Antiferromagnetism and competing charge instabilities of electrons in strained graphene from Coulomb interactions

We study the quantum many-body ground states of electrons on the half-filled honeycomb lattice with short- and long-ranged density-density interactions as a model for graphene. To this end, we employ the recently developed truncated-unity functional renormalization group (TU-fRG) approach which allows for a high resolution of the interaction vertex' wavevector dependence. We connect to previous lattice quantum Monte Carlo (QMC) results which predict a stabilization of the semimetallic phase for realistic \emph{ab initio} interaction parameters and confirm that the application of a finite biaxial strain can induce a quantum phase transition towards an ordered ground state. In contrast to lattice QMC simulations, the TU-fRG is not limited in the choice of tight-binding and interaction parameters to avoid the occurrence of a sign problem. Therefore, we also investigate a range of parameters relevant to the realistic graphene material which are not accessible by numerically exact methods.
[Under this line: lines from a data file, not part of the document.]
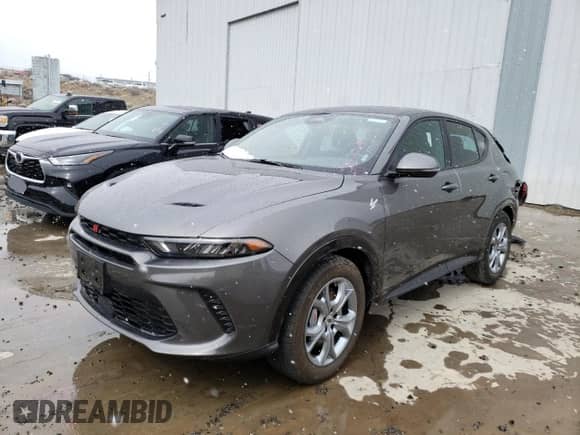 2024 Dodge Hornet R/T with VIN ZACPDFCW8R3A30500, listed as a Copart auction lot 47810855 with 13,206 mi miles and Non repairable. Bid and sale history available at DreamBid. Image 1.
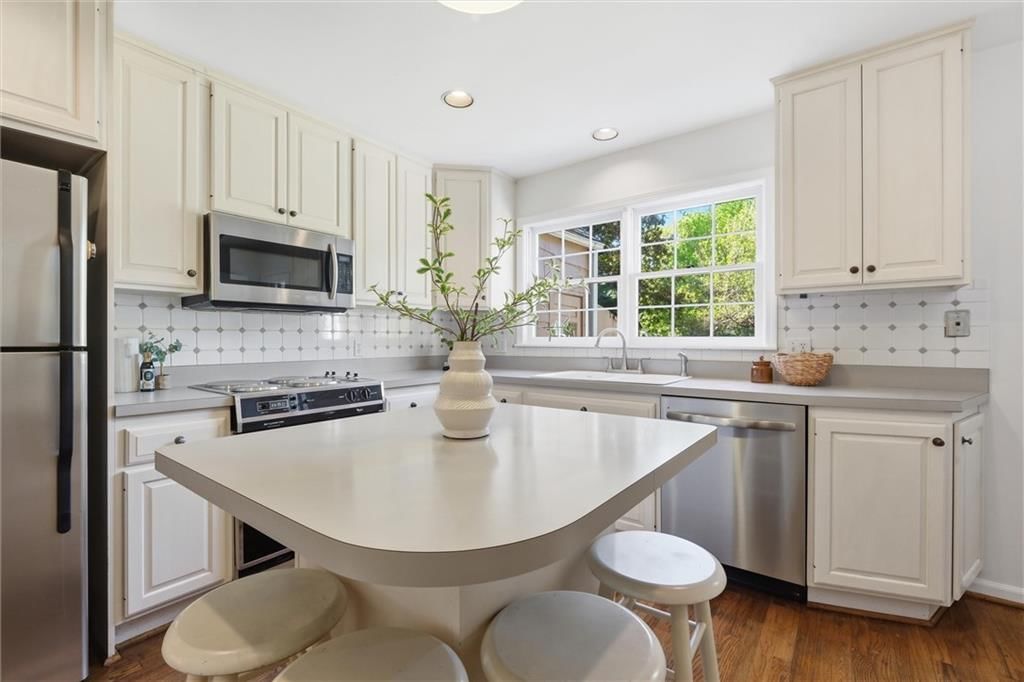 5302 W 57th Street — photo 10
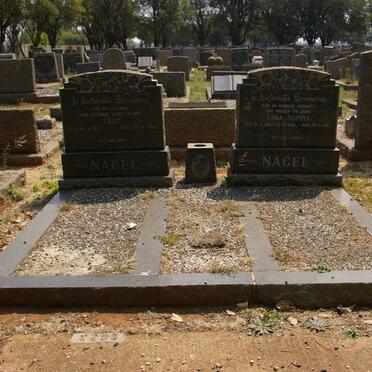 NAGEL Gert 1998-1969 &amp; Anna Sophia V.D. WALT 1998-1957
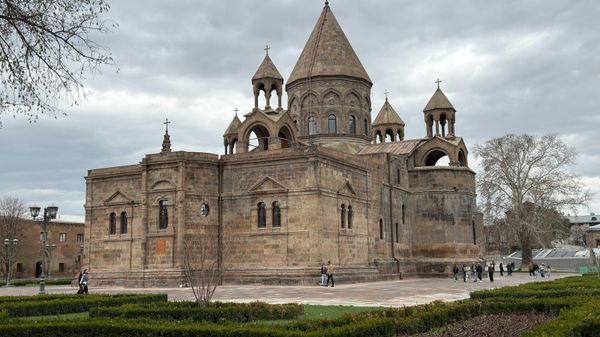 Մայր աթոռ սուրբ Էջմիածինը - Sputnik Արմենիա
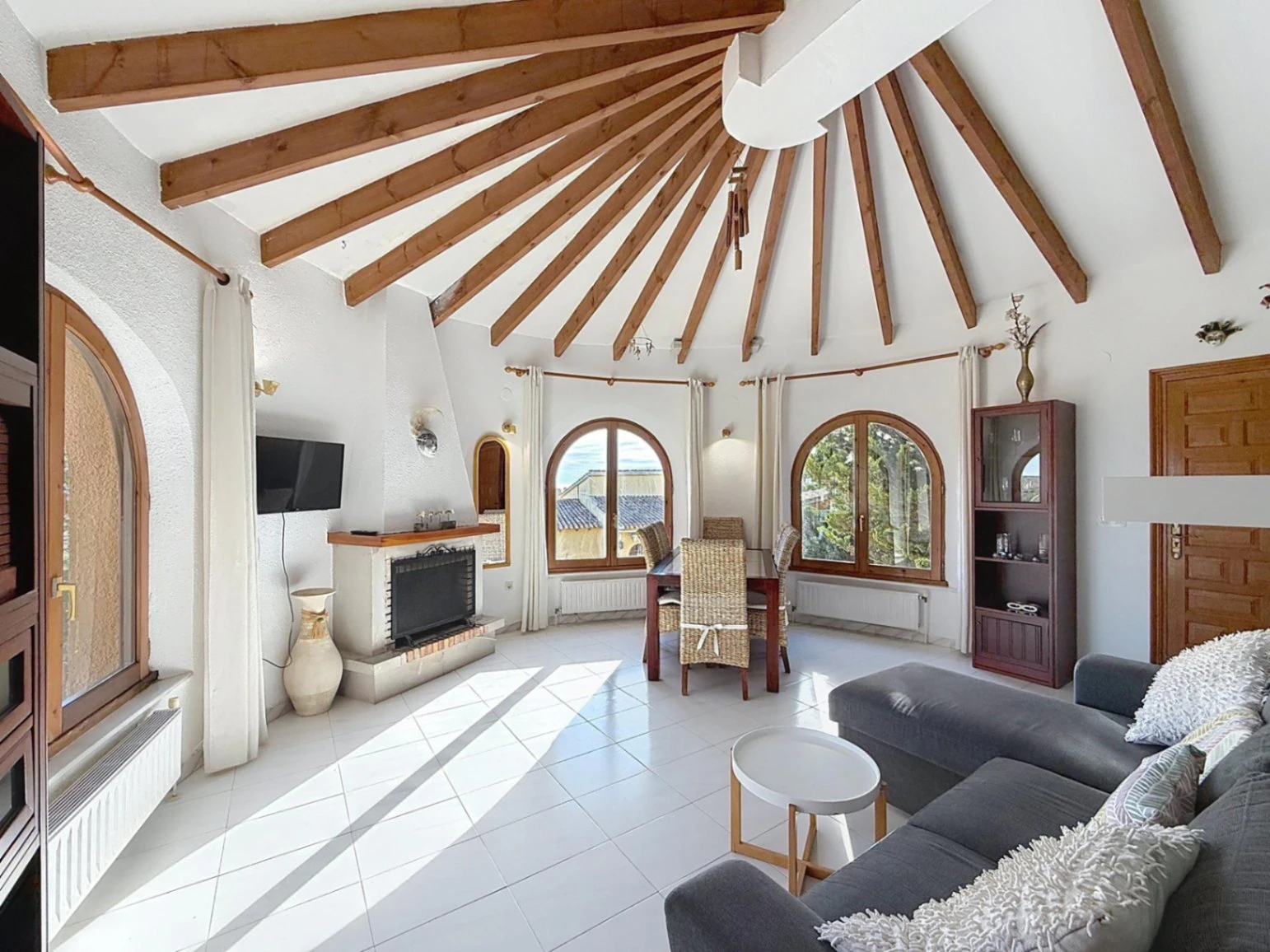 Cumbre del Sol villa with private pool and sea views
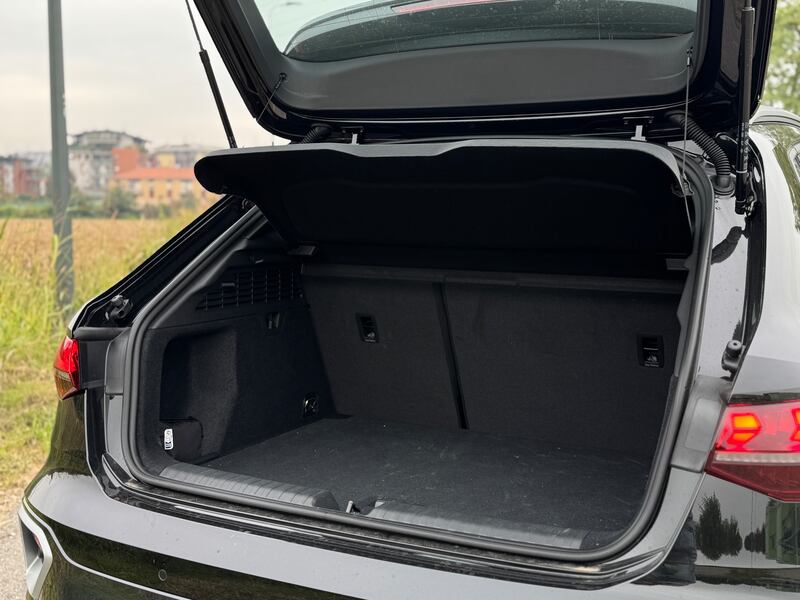 Audi A3 Allstreet: guarda la gallery della nuova compatta ibrida tedesca 14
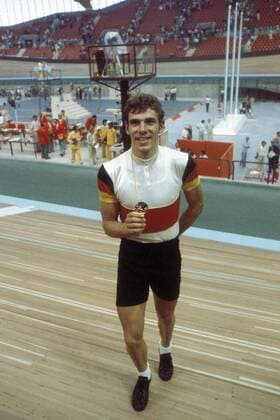 Gregor Braun (BR Deutschland) präsentiert seine Goldmedaille für die 4000m Einzelverfolgung Radsport OS Sommer Herren Olympische Sommerspiele 1976, Rad, Bahn, Bahnradsport, Halle, Indoor, Bahnrad Einzelbild Montreal Freude, Radsport OS Sommer Herren Olympische Sommerspiele 1976, Rad, Bahn, Bahnradsport, Halle, Indoor, Bahnrad Einzelbild Montreal Freude,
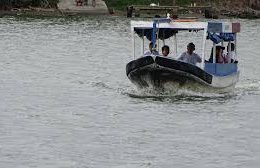 On inflatable boats and speedboats! Veracruzans navigate flooded streets of Tuxpan after heavy rains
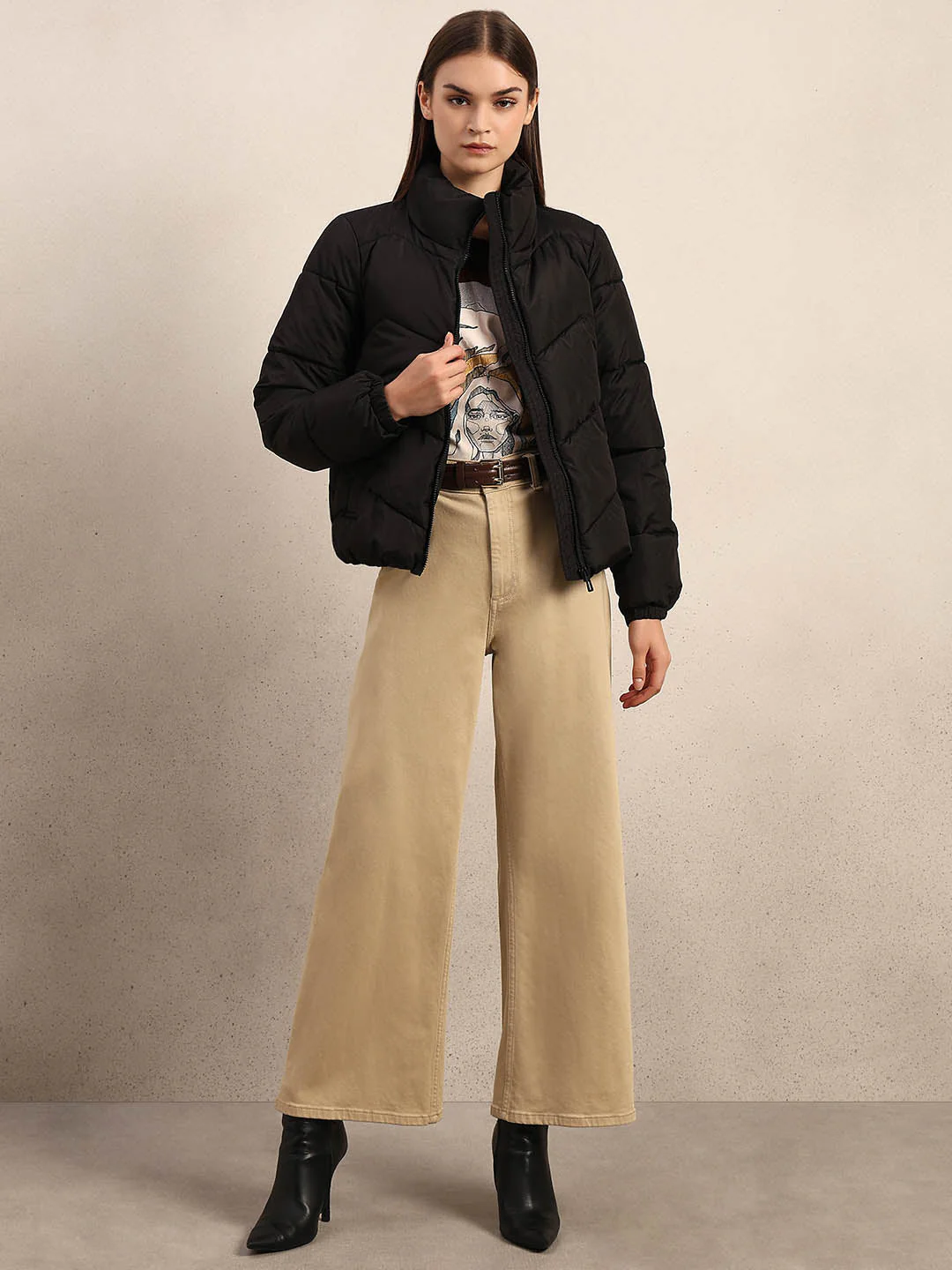 Black Short Puffer Jacket - Image 5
Although a plethora of charge density waves arise under medium-range interactions, we find the antiferromagnetic spin-density wave to be the prevailing instability for long-range interactions. We further explore the impact of an extended tight-binding Hamiltonian with second-nearest neighbor hopping and a finite chemical potential for a more accurate description of the band structure of graphene's $p_z$ electrons.